# Naughty Welsh Terrier



## polkadot (Oct 16, 2012)

Hi, what is the best way to train and stop the biting of a boisterous terrier puppy? Ours is biting us non stop and driving us absolutely mad!


----------



## RAINYBOW (Aug 27, 2009)

Thats such a shame, my sister has a Welsh terrier who is nearly a year and she has been the sweetest and easiest little thing so i don't think it is specific to the breed.

Have you contacted the breeder for advice ??


----------



## polkadot (Oct 16, 2012)

Hi, thanks for the response.
We contacted the breeder yes, she was from a very big and probably very boisterous litter! We really love her though, and would not consider getting rid of her, when she is in a good mood she is extremely loving and loves cuddles. It's just that sometimes she snaps and goes absolutely mad, not sure if having her spayed has changed her? Or perhaps she will grow out of it.


----------



## BoredomBusters (Dec 8, 2011)

If she was from a big boisterous litter she probably learned that playtime meant biting her siblings, if the breeder didn't supply enough toys for all 8 and rotate them so the flightly terrier mind didn't get bored.
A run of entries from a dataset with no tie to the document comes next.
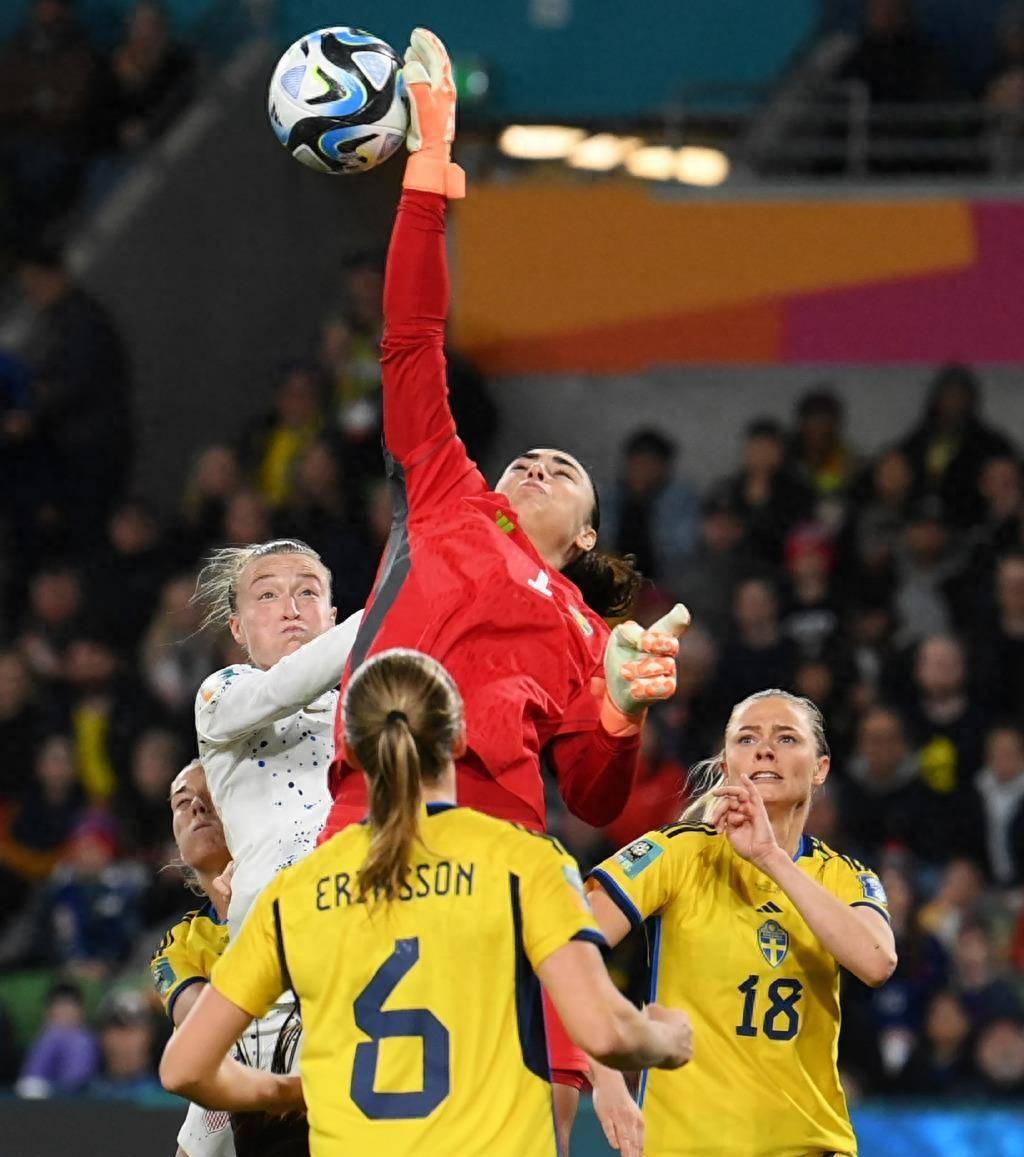 爱体育官方网站-瑞典球员在世界杯预选赛中主宰比赛-第1张图片-爱体育官方网站 爱体育官方网站-瑞典球员在世界杯预选赛中主宰比赛-第1张图片-爱体育官方网站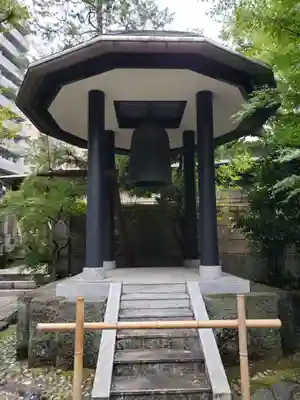 天徳寺のその他建物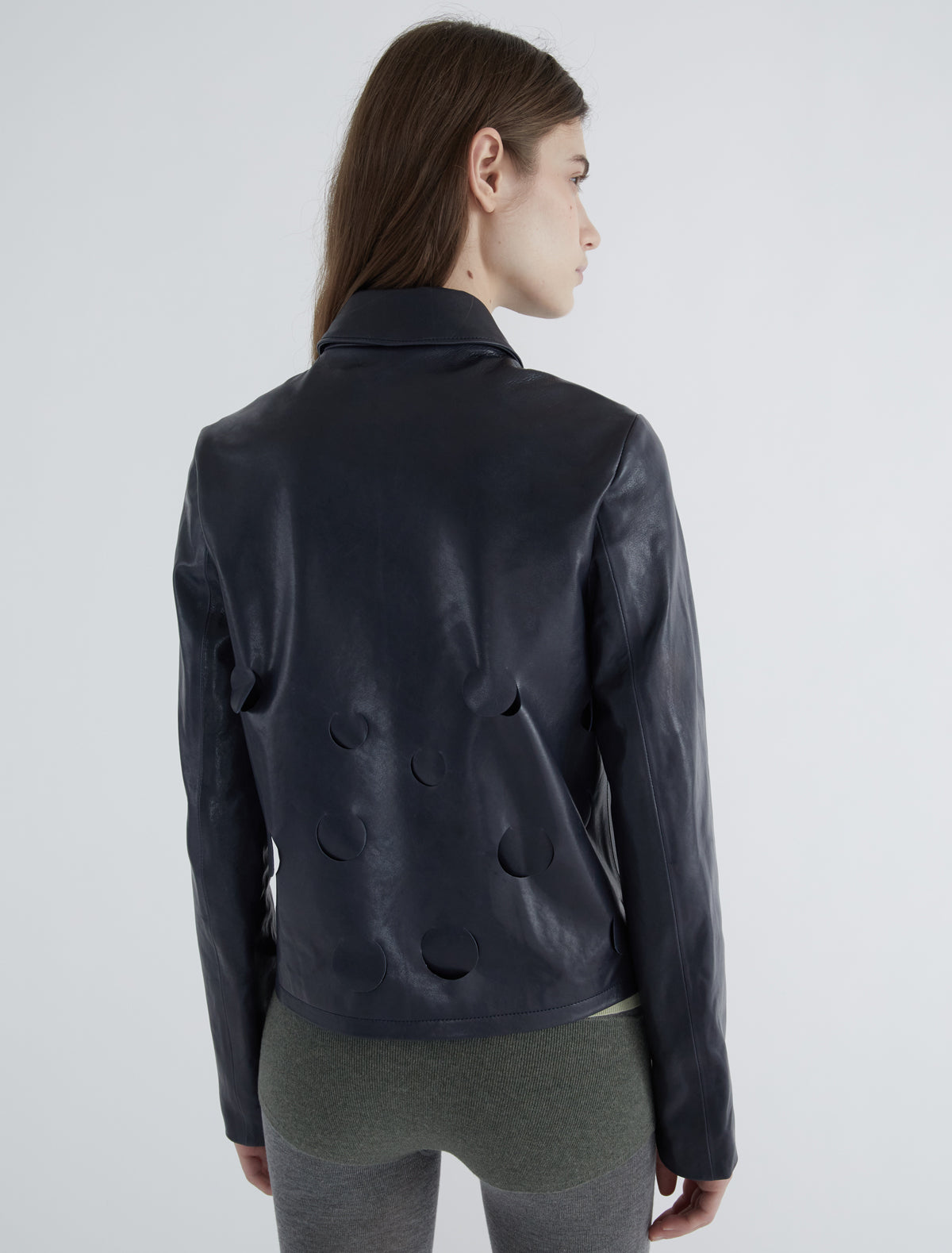 no 2596 / Candela Jacket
If you've tried everything that probably means you didn't try any one thing long enough, and probably not the same thing at the same time as other family members, and you really need the help of a professional trainer, ideally who is used to terriers. I've had to handle Fox Terriers who think biting is the answer to many an unasked question, but I see it in other breeds of similar age when owners are inconsistent.

Spaying a bitch who is already dominant can make them worse.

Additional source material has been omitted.